India’s South-West monsoon, beginning June 1 this year, is expected to be normal with 98 per cent rainfall (plus or minus five per cent) of the long period average (LPA) of 880.6 mm for the four-month period ending September, private weather forecaster Skymet has predicted.
Monsoon is likely to make a decent start in June. But there could be an extreme variability in the monthly rainfall distribution during the second part of the monsoon.
Rainfall for key States
Rajasthan and Gujarat, along with Nagaland, Manipur, Mizoram, and Tripura will likely risk facing deficit rain throughout the season. Kerala and North Interior Karnataka are likely to see scanty rains during July-August.

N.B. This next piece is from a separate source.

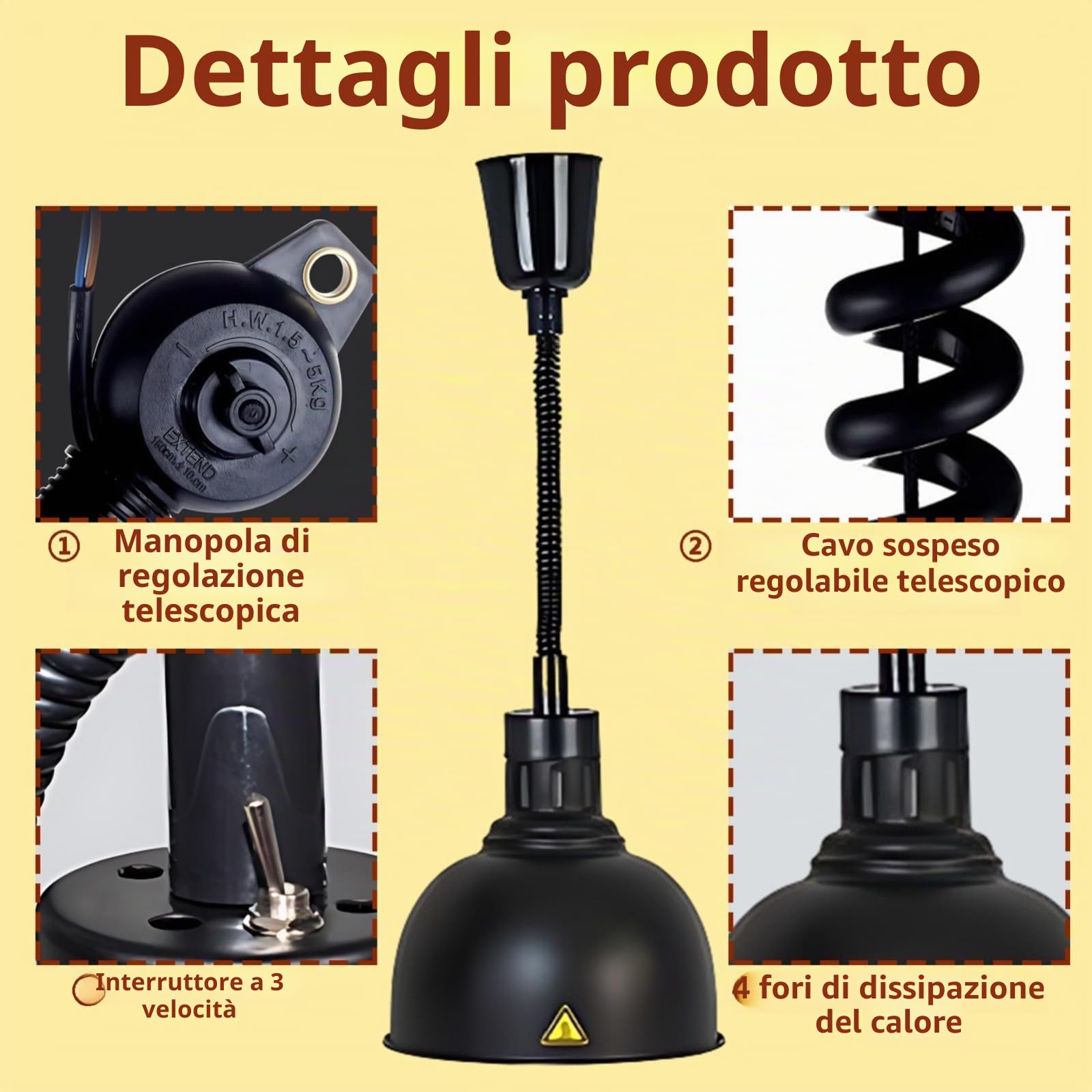 Lampada Riscaldante Cucina Regolabile 19cm/25cm Diametro (25cm) | Nero Lampade Scaldavivande Cucina, Sospeso Lampada Riscaldante per Alimenti per Cucine, Buffet e Hotel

Fortunately, Punjab, Haryana, and Uttar Pradesh, key agricultural States, and rainfed areas of Maharashtra and Madhya Pradesh will experience above-normal rainfall.
The first half of the season is expected to fare better than the second half, Skymet said. India’s official weather agency India Meteorological Department (IMD) is expected to come out with its monsoon forecast later this month.
Shrinking La Nina
The South-West monsoon accounts for nearly 75 per cent of the annual rainfall in the country. The monsoon is crucial for Indian agriculture, particularly for kharif or summer sowing with rice, most coarse cereals, pulses, oilseeds, cotton, jute, fruits and vegetables depending on it.

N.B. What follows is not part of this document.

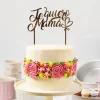 Topper Te quiero mamá con corazón acrílico dorado efecto espejo 15 cm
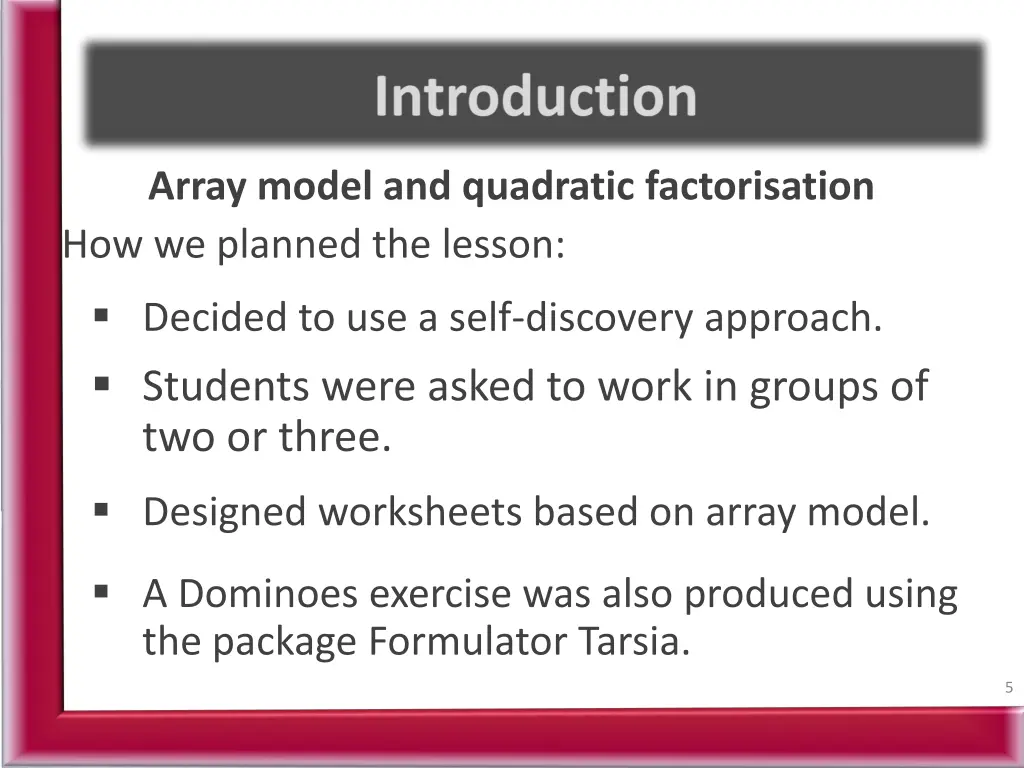 array model and quadratic factorisation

According to Yogesh Patil, CEO, Skymet, the last two monsoon seasons have been driven by back-to-back La Nina events. “Earlier, La Nina had started shrinking sharply in winters, but its fallback has been stalled on account of the strengthening of trade winds,” he said.
Though La Nina is past its peak, the cooling of the Pacific Ocean, an impact of the weather phenomenon, is likely to sustain just before the onset of the South-West monsoon.
Patil has ruled out the occurrence of El Nino, which tends to cause drought in India and affects monsoon and agriculture.
Riding out ENSO
“However, the pulsating behaviour of the monsoon is expected to transpire abrupt and intense rains, interspersed by abnormally long dry spells,” he said.
The monsoon will have to ride out ENSO — neutral conditions — while battling resistance from IOD, especially during the second half of the season. This possibly can lead to extreme variability in the monthly rainfall distribution and, thus, impact the second half.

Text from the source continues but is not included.